Problem statement: Only the lines below from the one that contains "category_name | Elly et Anne" through the one that contains "Villa in Pecatu - Manjari" should appear in your answer, exact and without pictures.

Source information:

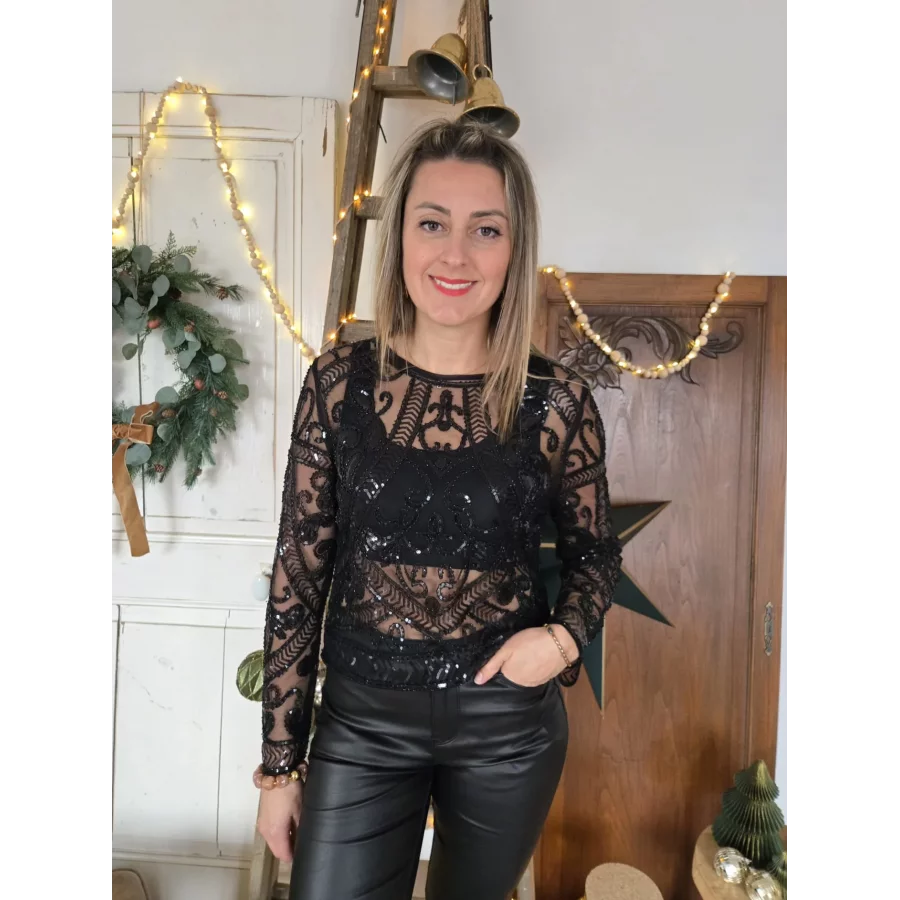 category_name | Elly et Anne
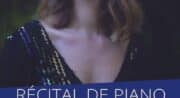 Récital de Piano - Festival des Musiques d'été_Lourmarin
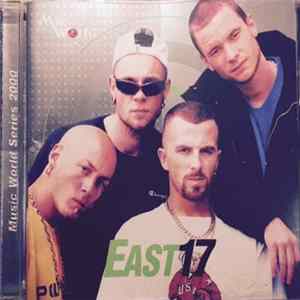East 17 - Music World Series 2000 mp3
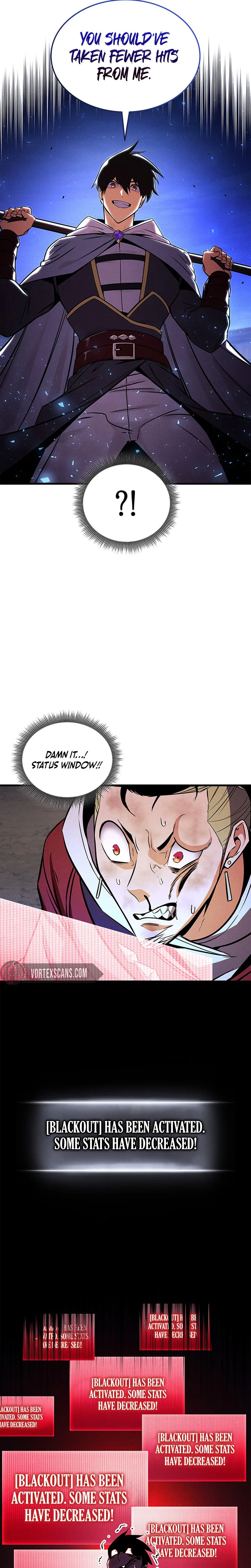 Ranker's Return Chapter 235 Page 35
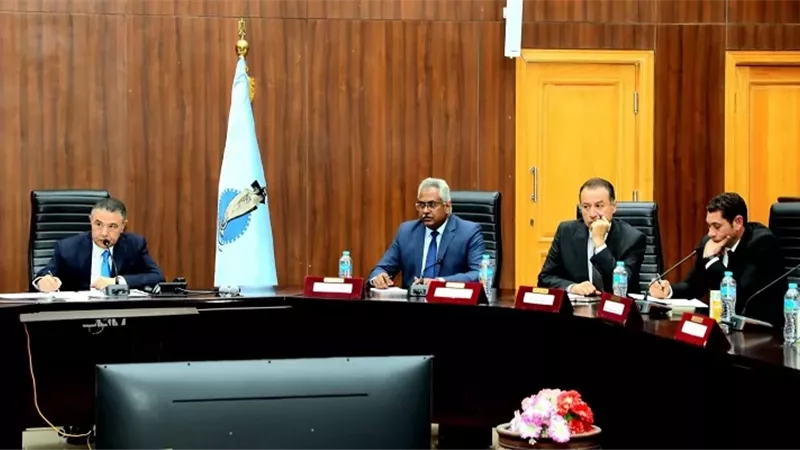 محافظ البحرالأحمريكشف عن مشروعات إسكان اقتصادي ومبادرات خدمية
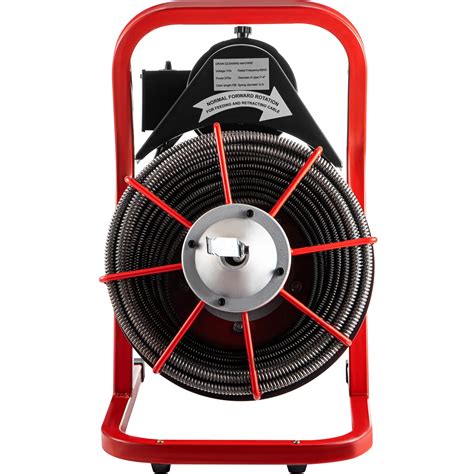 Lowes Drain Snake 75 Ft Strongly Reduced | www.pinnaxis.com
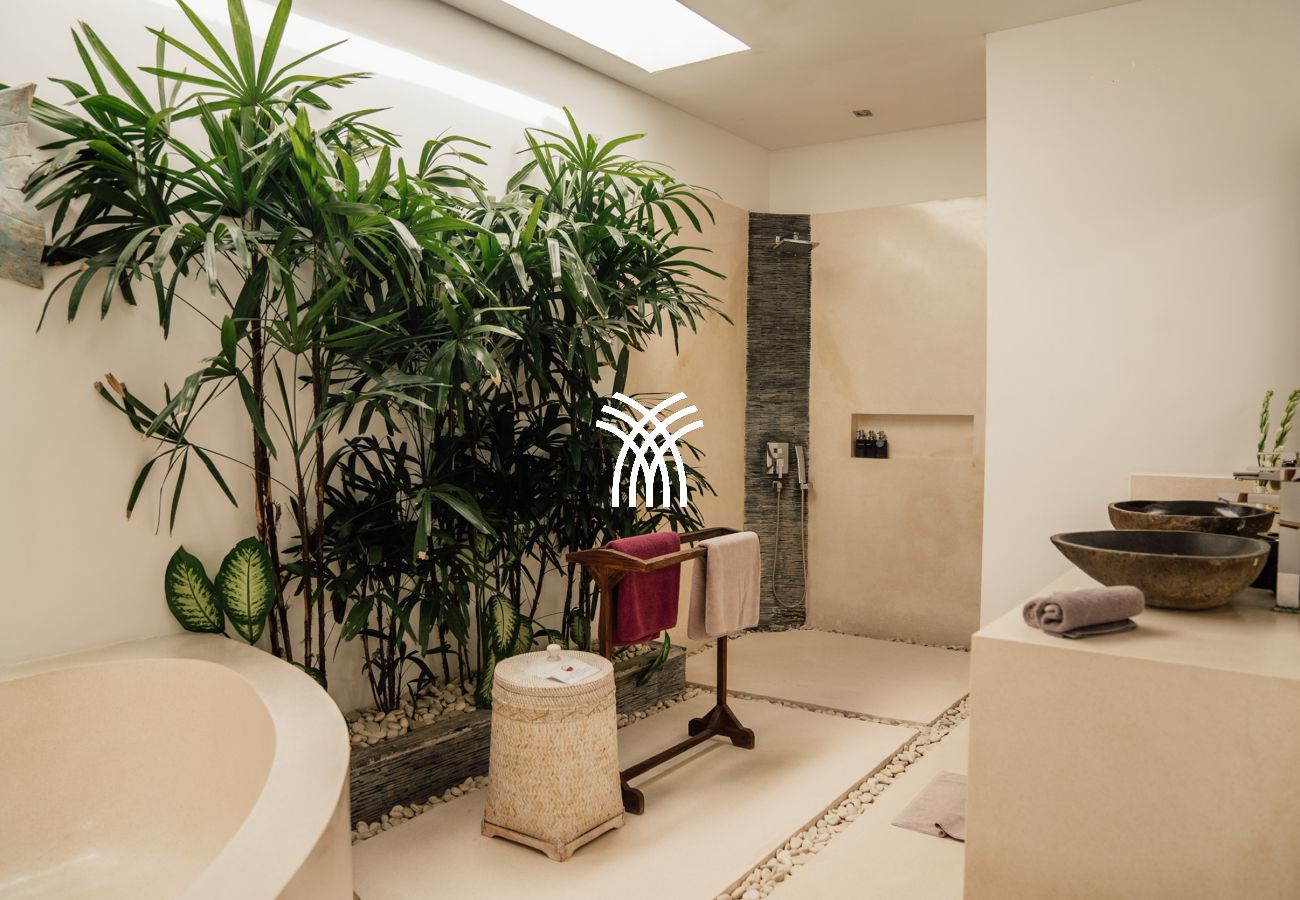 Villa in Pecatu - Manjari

...

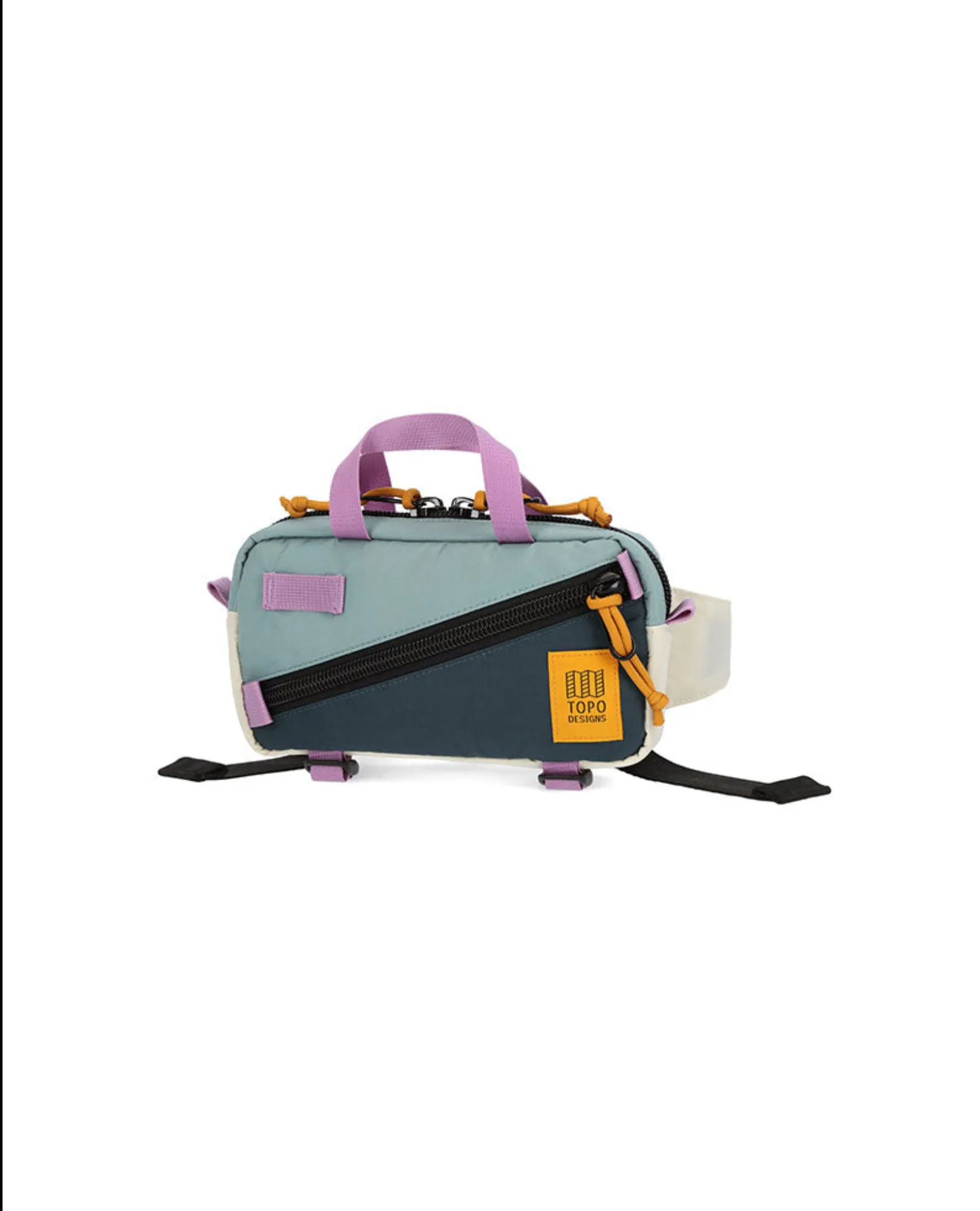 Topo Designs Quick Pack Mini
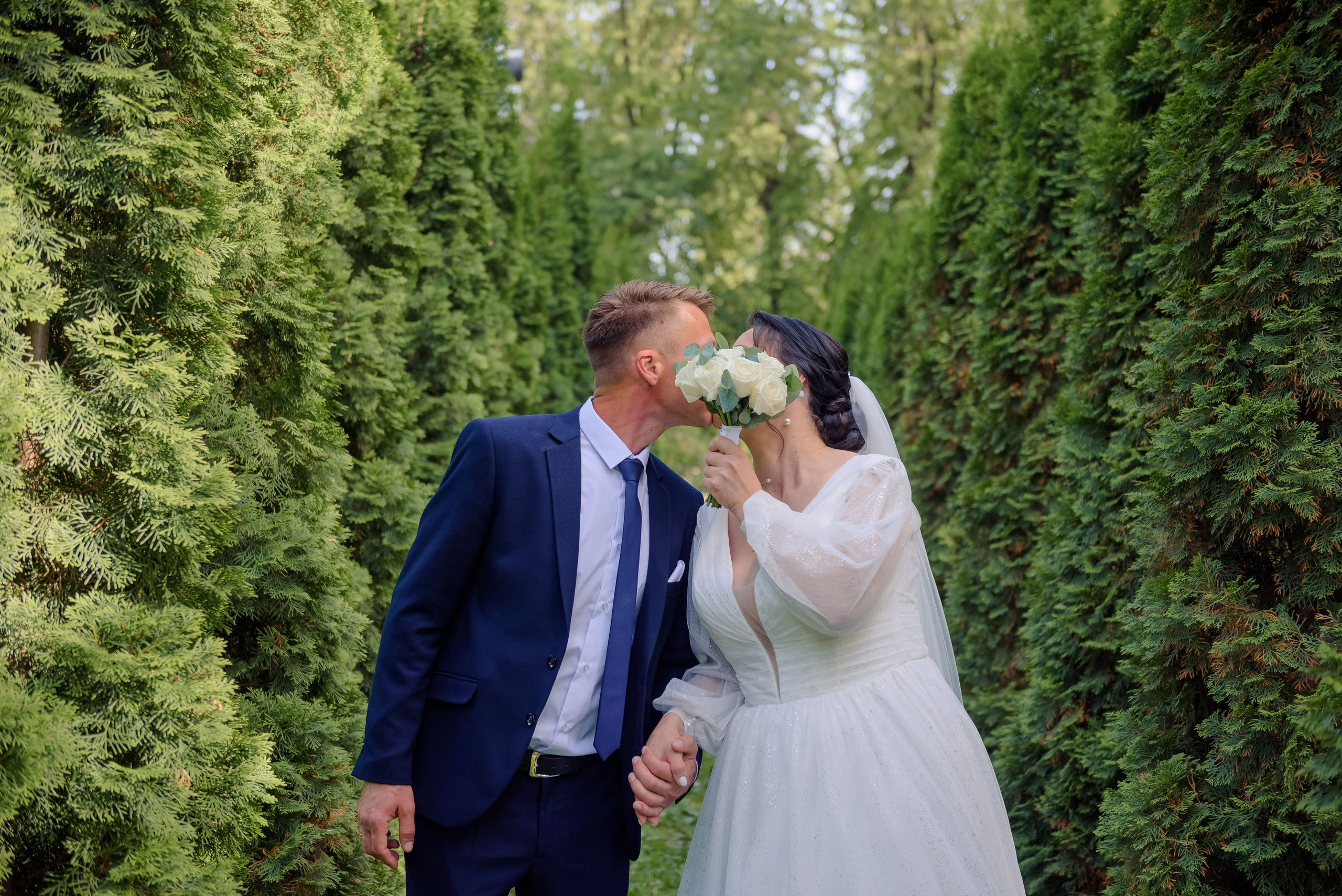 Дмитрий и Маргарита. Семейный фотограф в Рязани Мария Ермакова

--

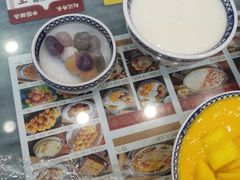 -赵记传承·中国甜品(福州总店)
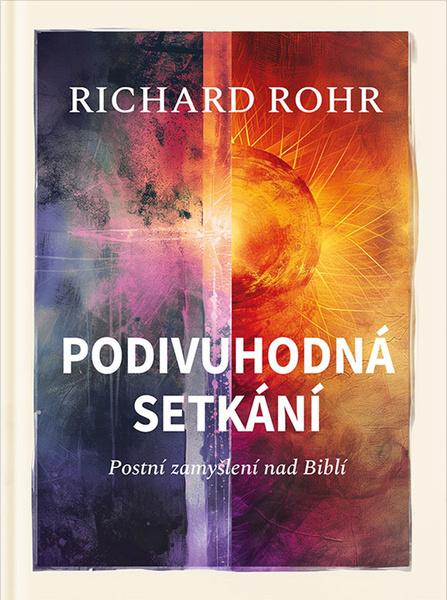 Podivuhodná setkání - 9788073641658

Response to this task:
 category_name | Elly et Anne
 Récital de Piano - Festival des Musiques d'été_Lourmarin
East 17 - Music World Series 2000 mp3
 Ranker's Return Chapter 235 Page 35
 محافظ البحرالأحمريكشف عن مشروعات إسكان اقتصادي ومبادرات خدمية
 Lowes Drain Snake 75 Ft Strongly Reduced | www.pinnaxis.com
 Villa in Pecatu - Manjari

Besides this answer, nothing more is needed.